=== Section Start ===

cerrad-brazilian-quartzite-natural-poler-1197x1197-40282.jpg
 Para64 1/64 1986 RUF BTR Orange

=== Section End ===
=== Section Start ===

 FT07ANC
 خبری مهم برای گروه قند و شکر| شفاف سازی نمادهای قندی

=== Section End ===

## What you will do
Leave out every line above except those from the line with "cerrad-brazilian-quartzite-natural-poler-1197x1197-40282.jpg" up to and including the line with "Para64 1/64 1986 RUF BTR Orange", and copy those exactly.

## Response for this exercise
cerrad-brazilian-quartzite-natural-poler-1197x1197-40282.jpg
 Para64 1/64 1986 RUF BTR Orange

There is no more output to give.